Monumental was founded by al Khafaji and chief technology officer Sebastiaan Visser. The pair previously founded data visualisation company Silk, which Palantir ‘acqui-hired’ in 2016.
Ironically, Monumental has ended up applying a version of Palantir’s forward-deployed engineering model to construction, putting Monumental’s engineers and robots directly onto customer sites rather than developing machinery in isolation and handing it over to contractors.
Any competitors? Not many
Al Khafaji claims he does not believe Monumental currently has a close competitor operating at a similar deployment scale in automated brick and block construction.

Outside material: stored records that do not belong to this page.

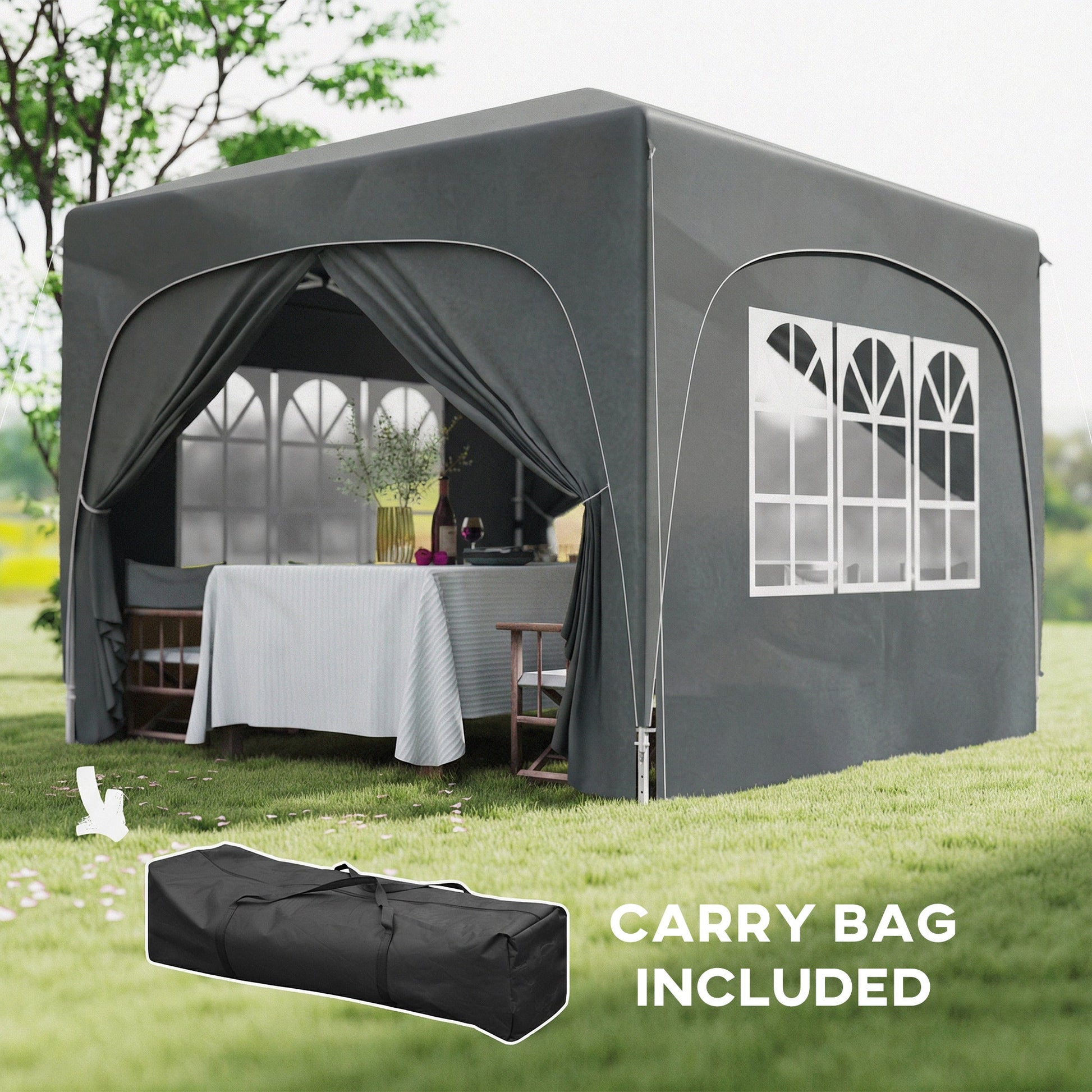 3 x 3(m) Pop Up Gazebo with Sides and Carry Bag, UPF50+, Height Adjustable Party Tent Instant Event Shelter for Garden, Outdoor, Patio, Dark Grey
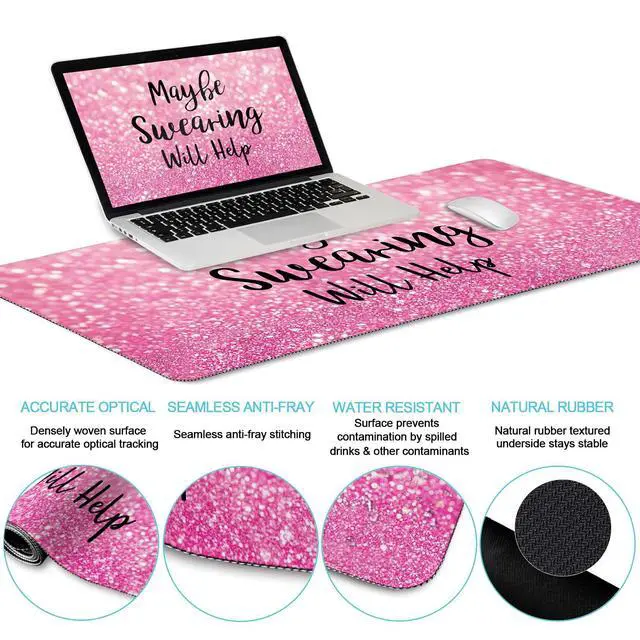 Alt view image 3 of 5 - LIMKRIAN Pink Mouse Pad Set, Ergonomic Mouse Pad with Wrist Rest Keyboard Wrist Support, Large Desk Matt for Desktop, Gaming Mousepad Cup Coaster Set, Cute Pink Office Desk Accessories Decor Supplies
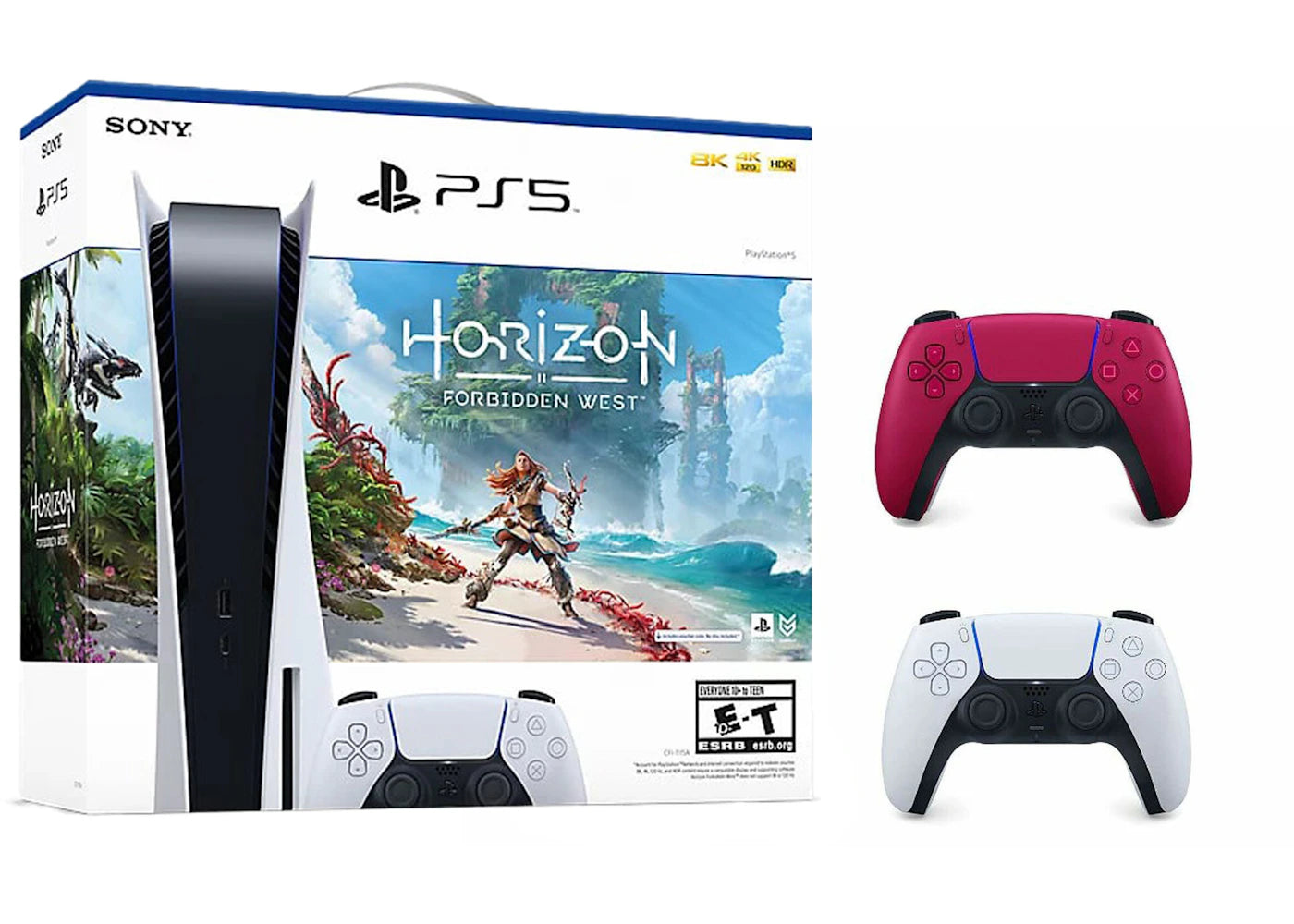 Sony Playstation 5 PS5 Horizon Forbidden West Blu-Ray Console with Extra DualSense Wireless Controller Bundle (US Plug) 1000032115/1000032000-3006393 Cosmic Red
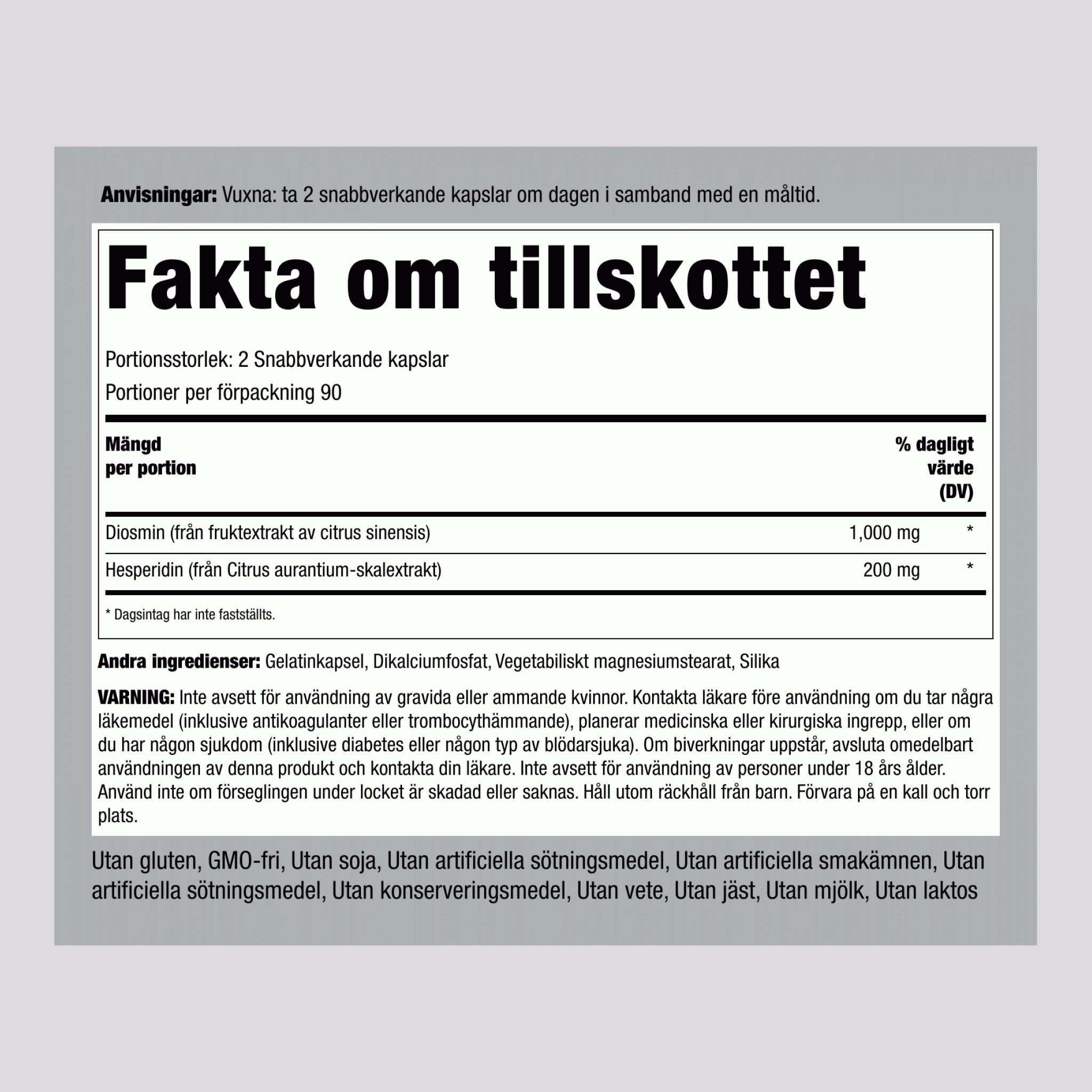 Diosmin med Hesperidin 1200 mg 180 Snabbverkande kapslar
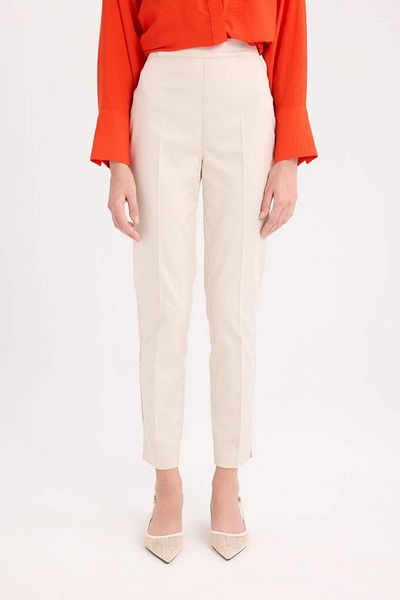 DeFacto New Season Cigarette Regular Waist Straight Leg Satin Fabric Trousers
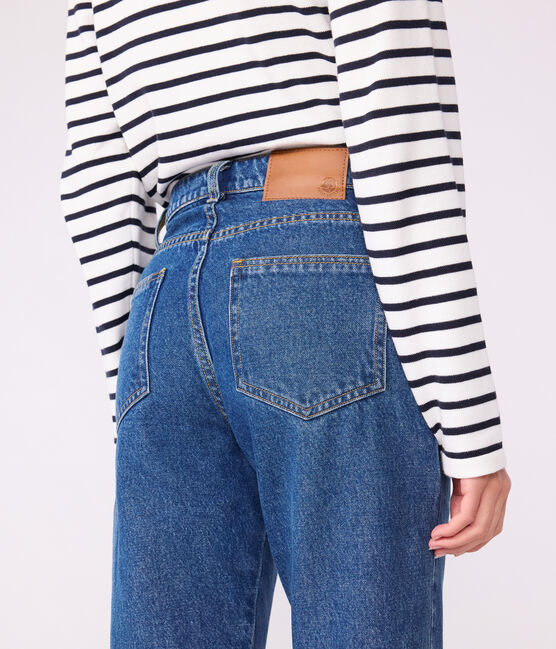Pantaloni donna in denim dal taglio dritto blu DENIM MOYEN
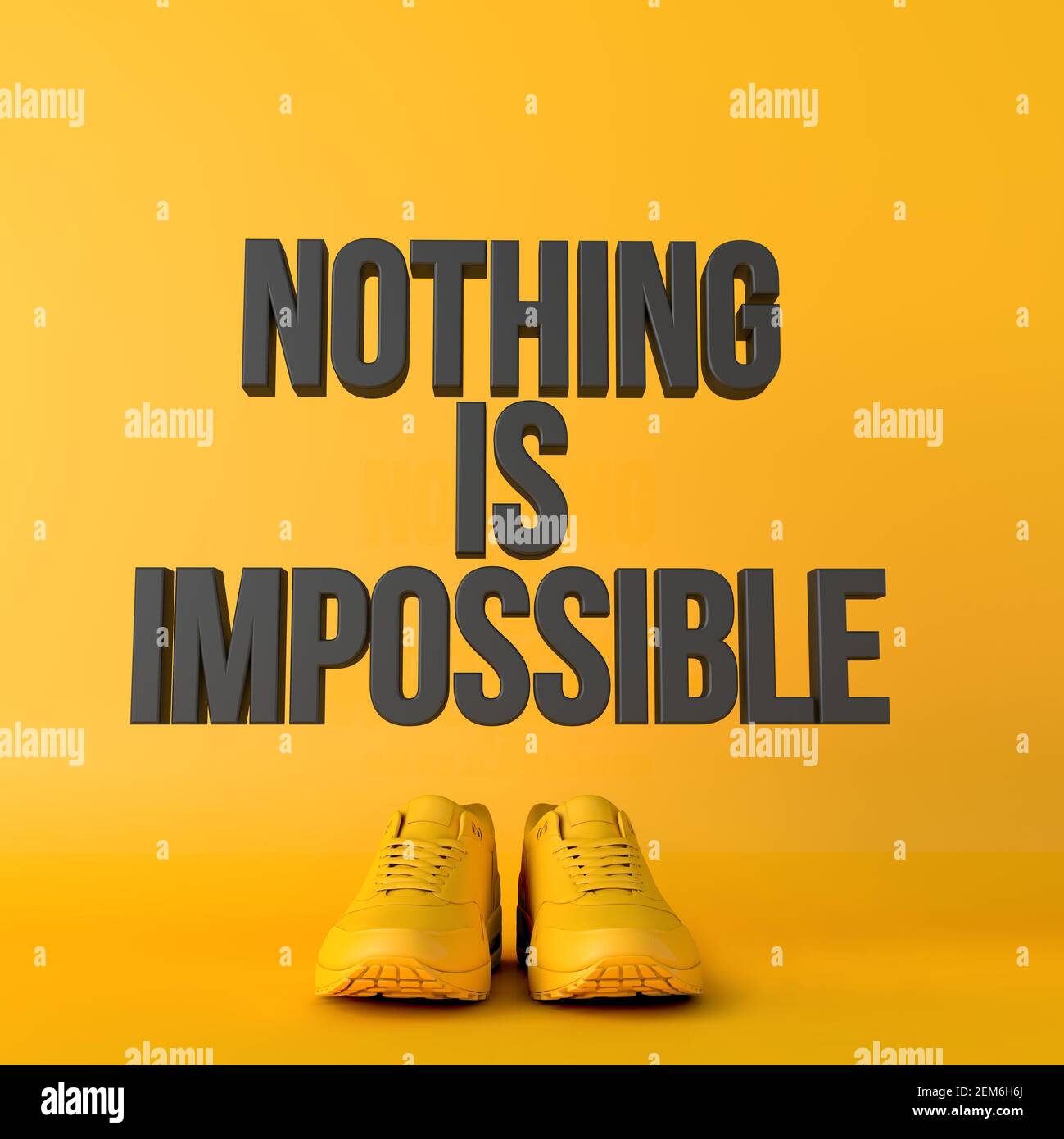 Nulla è impossibile motivazionale allenamento fitness frase, 3d rendering Foto Stock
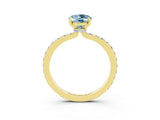 Yellow gold Oval Cut Aquamarine Solitaire Engagement Ring with Pavé Band and Four-Prong Setting_3
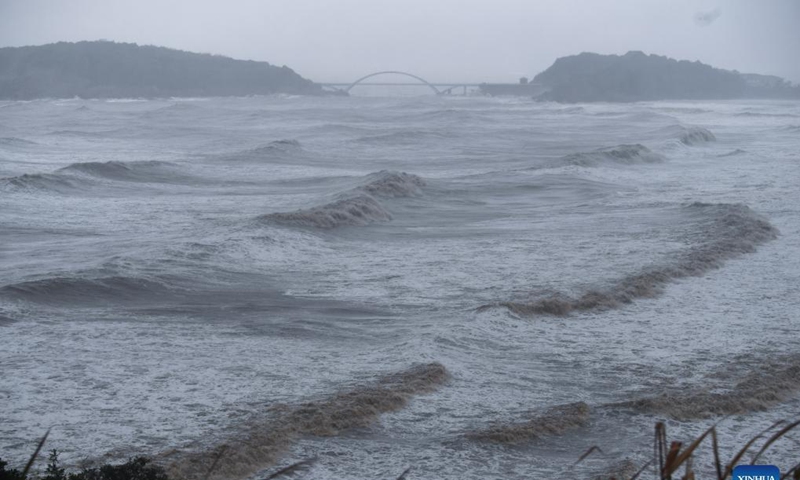 Photo taken on Sept. 13, 2021 shows high waves brought by Typhoon Chanthu near Dongsha scenic area of Zhoushan, east China's Zhejiang Province. East China's Zhejiang Province has upgraded its emergency response to Typhoon Chanthu to the highest level, closing schools as well as suspending air and rail services in several cities.Photo: Xinhua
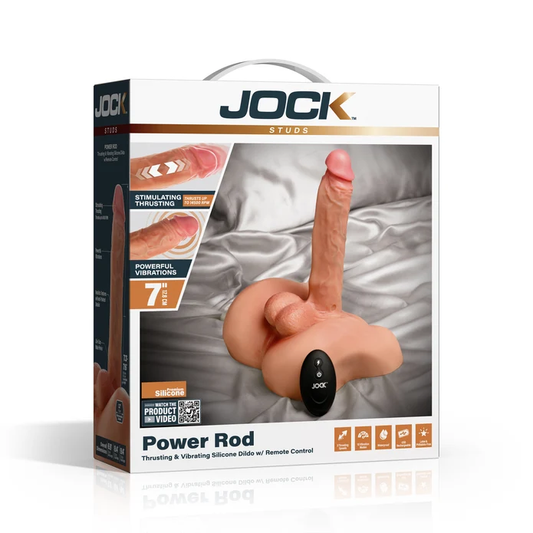 Jock Power Rod Thrusting & Vibrating Dildo With Remote Control Beige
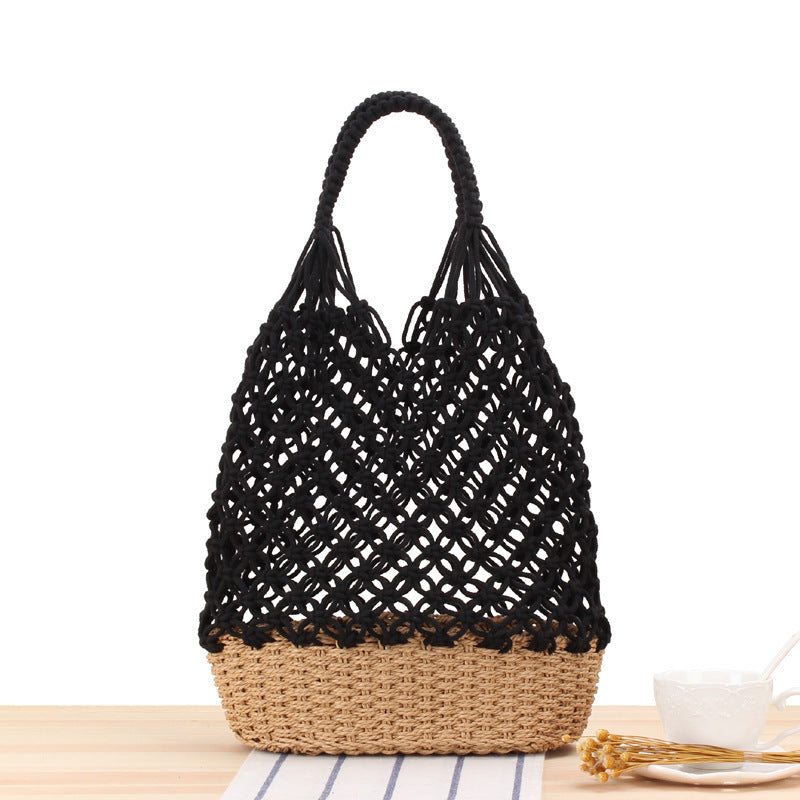 Designer Shoulder Bag Made of Woven Bast Bowlift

But perhaps the most direct UK comparison might be Construction Automation, which has developed the Automated Bricklaying Robot, or ABLR. This track-mounted system works with conventional bricks, blocks and mortar and has secured NHBC acceptance. However, the company still describes itself as working with housebuilders and supply-chain partners to bring the system to the wider market.
Also, while US-based Construction Robotics pioneered the SAM100 semi-automated bricklaying machine, its current business is centred on MULE material-handling systems that help construction workers lift and position heavy blocks, making it primarily a labour-assistance company rather than an autonomous subcontractor.
In the US, better-funded construction robotics companies, including Built Robotics, Bedrock Robotics and TerraFirma, are concentrating mainly on earthworks, excavation and infrastructure preparation.